Once they arrive at their destination, try to sync up with their schedule. When people are awake in the morning and on the go, you should be too. When the people around you are getting ready for bed, you should also be ready to go to bed. Unless your stay is two days, it will help your body readjust even if it means you’ll be half asleep at dinner.

Comfortable package

Pack your most comfortable clothes for traveling and a pillow to sleep if you can put it in your suitcase. Loose fabrics can help you feel comfortable when traveling long distances, which is essential if you’re hoping to get some sleep on the road.

A pillow can also make it easier to fall asleep. Bring a standard pillow for the back seat of a car or a C-shaped pillow to wrap around your neck on a plane or train.

Eat healthy and drink water

Staying hydrated and eating well while traveling will not only help you stay energized for the various stages of travel, but it will also keep you from feeling hungry or thirsty if you want to doze off on the plane or in the car.

Use light to your advantage

The sun is a signal for our circadian rhythm that it is time to wake up, and that the night tells us that it is time to sleep.

If you’re traveling west to east, the best times of day to get light exposure are late morning and late afternoon.

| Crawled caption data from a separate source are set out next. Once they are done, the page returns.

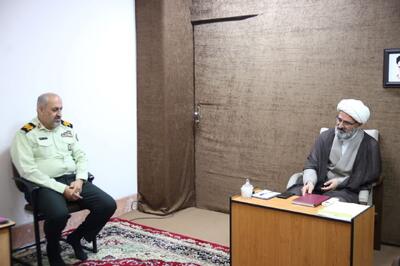 امام جمعه سمنان: پلیس، ضامن امنیت جامعه است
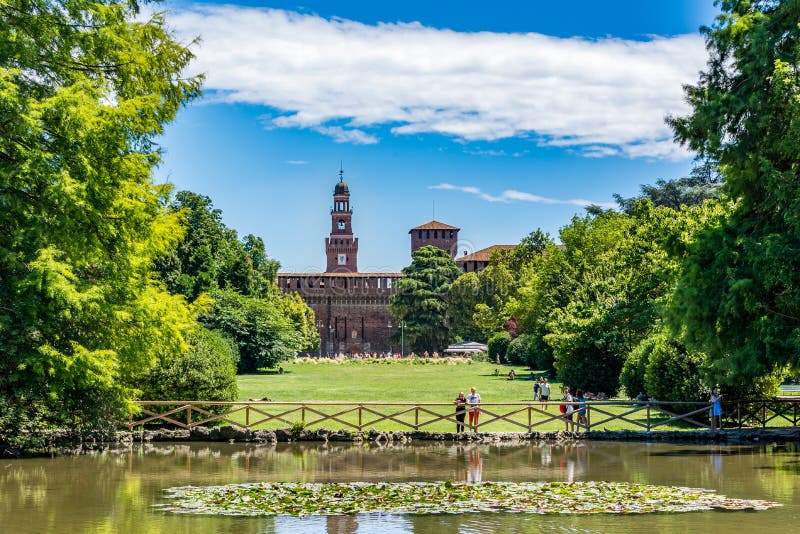 Castelo de Sforza, vista do parque de Sempione, Milão, Itália imagem de stock Castelo de Sforza, vista do parque de Sempione, Milão, Itália imagem de stock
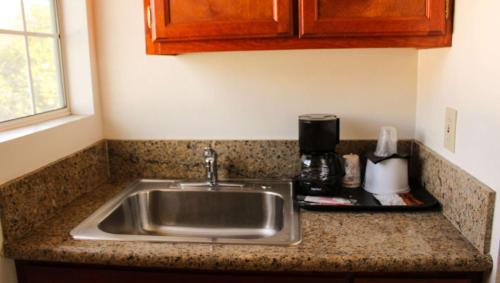 cuina, Motel 6 Glendale, CA – Pasadena Burbank Los Angeles in Glendale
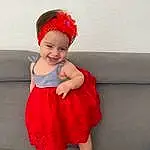 Clothing, Peau, Head, Coiffure, Facial Expression, Sourire, Baby & Toddler Clothing, Dress, Sleeve, Textile, Debout, Purple, Rose, Bambin, Baby, Happy, Headgear, Day Dress, Magenta, Couch, Personne, Joy, Headwear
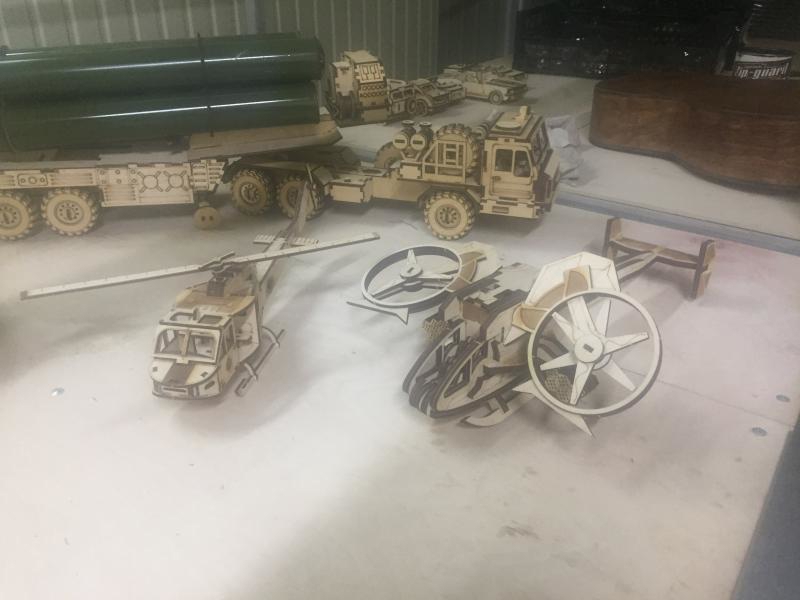 طرح کیت مدل سه بعدی هلیکوپتر نظامی مناسب برای استفاده در دستگاه های cnc چوب و cnc لیزر - laser cut military helicopter 3d model kit cdr file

This way, you stay awake and alert during the day, but give your body a chance to relax at night. If you are traveling west to east, stay in the sun until evening to adjust to the new time.

Avoid alcohol the first day

Listen to me. As fun as having a drink on the plane en route to your destination or having dinner when you arrive, alcohol disrupts your sleep-wake cycle. This is something you want to avoid on your first day of acclimating to the new time.

Avoid caffeine and nicotine

Caffeine and nicotine are stimulants that will make your body feel like it wants to be awake. Caffeine can stay in your system for up to five to six hours, making you feel wired when you should be winding down for bed. Nicotine, on the other hand, causes cravings and has no time limit. This means that you may be lying awake in your bed feeling tired, but your body stays awake wanting more nicotine.

If you must stay awake, keep moving

Like light, body temperature also plays an important role in regulating our sleep-wake cycles. If your body has a higher temperature, it’s a signal that it’s time to wake up. That’s one reason why hot sleepers may struggle to get quality sleep if they are too hot. By keeping your body moving and your heart rate elevated, you can help combat the dizziness and fatigue that come with travel.

Use natural sleeping pills

Melatonin is always an option, but I’m always wary of recommending it because it can disrupt your body’s natural production of melatonin. As an alternative, consider using natural sleeping pills to help you fall asleep at night like herbal tea or CBD oil.

The information in this article is for educational and informational purposes only and is not intended to constitute medical or health advice. Always consult a physician or other qualified health care provider with any questions you may have about a medical condition or health goals.